» **Task requirements**
Output exactly the first line of the listing and each line after it, through the line that contains "Mustavalkoinen kuva. Kaksi"; add nothing else.

┌────────

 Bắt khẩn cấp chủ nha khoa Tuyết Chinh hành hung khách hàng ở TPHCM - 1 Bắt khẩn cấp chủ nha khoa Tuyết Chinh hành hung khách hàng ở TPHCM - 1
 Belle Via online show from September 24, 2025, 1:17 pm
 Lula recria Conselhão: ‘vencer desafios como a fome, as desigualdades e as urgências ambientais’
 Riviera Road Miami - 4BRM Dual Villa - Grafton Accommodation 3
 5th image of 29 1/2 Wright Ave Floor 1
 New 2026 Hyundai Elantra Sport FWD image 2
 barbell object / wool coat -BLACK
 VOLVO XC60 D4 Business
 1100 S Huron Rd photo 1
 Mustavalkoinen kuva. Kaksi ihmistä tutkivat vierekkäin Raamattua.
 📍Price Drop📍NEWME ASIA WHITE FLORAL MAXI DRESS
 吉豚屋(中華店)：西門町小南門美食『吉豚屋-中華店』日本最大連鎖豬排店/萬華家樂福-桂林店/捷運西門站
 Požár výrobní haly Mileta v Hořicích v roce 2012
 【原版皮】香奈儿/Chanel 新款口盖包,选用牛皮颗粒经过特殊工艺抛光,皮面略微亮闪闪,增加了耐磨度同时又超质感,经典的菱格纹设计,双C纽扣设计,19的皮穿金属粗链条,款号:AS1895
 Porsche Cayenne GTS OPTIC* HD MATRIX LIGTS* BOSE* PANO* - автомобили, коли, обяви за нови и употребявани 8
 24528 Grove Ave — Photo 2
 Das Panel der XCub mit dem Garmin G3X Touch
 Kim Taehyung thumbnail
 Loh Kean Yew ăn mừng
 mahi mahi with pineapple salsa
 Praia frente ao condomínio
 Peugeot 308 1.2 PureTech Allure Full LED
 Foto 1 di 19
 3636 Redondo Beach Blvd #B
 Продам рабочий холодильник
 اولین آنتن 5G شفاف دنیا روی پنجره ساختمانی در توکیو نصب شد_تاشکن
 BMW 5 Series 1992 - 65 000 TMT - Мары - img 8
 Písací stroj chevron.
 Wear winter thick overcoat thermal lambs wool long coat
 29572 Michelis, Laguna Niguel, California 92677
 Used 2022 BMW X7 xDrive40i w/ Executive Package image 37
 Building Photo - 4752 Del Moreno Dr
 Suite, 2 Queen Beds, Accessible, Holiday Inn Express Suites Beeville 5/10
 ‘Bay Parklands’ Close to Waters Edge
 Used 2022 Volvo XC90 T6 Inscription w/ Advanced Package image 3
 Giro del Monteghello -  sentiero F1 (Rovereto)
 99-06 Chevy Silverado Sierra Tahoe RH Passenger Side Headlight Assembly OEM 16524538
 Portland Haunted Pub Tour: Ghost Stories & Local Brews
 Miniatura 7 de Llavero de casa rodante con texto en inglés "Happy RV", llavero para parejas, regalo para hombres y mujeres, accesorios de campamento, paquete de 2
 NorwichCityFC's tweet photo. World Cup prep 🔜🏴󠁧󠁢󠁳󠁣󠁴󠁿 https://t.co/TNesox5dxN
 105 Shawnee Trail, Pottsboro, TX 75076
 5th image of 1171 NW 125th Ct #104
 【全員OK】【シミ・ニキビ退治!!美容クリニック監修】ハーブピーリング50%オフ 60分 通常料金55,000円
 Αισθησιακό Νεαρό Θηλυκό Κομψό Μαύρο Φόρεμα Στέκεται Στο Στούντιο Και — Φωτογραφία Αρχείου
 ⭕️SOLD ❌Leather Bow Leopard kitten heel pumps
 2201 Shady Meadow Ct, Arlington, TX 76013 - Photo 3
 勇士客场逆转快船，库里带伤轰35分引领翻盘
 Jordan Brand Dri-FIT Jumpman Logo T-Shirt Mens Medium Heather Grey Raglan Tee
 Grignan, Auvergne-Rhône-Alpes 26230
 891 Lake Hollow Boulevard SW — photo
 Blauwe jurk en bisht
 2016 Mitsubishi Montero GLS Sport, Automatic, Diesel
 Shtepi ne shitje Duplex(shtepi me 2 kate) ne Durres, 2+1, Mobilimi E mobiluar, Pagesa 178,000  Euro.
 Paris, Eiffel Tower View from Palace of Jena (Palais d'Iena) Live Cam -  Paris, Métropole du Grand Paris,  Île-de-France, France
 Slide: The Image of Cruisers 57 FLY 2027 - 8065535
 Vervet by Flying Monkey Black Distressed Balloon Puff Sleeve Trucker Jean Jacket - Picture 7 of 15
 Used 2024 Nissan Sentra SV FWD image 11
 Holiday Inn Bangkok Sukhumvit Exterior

└────────

» **Output**
 Bắt khẩn cấp chủ nha khoa Tuyết Chinh hành hung khách hàng ở TPHCM - 1 Bắt khẩn cấp chủ nha khoa Tuyết Chinh hành hung khách hàng ở TPHCM - 1
 Belle Via online show from September 24, 2025, 1:17 pm
 Lula recria Conselhão: ‘vencer desafios como a fome, as desigualdades e as urgências ambientais’
 Riviera Road Miami - 4BRM Dual Villa - Grafton Accommodation 3
 5th image of 29 1/2 Wright Ave Floor 1
 New 2026 Hyundai Elantra Sport FWD image 2
 barbell object / wool coat -BLACK
 VOLVO XC60 D4 Business
 1100 S Huron Rd photo 1
 Mustavalkoinen kuva. Kaksi ihmistä tutkivat vierekkäin Raamattua.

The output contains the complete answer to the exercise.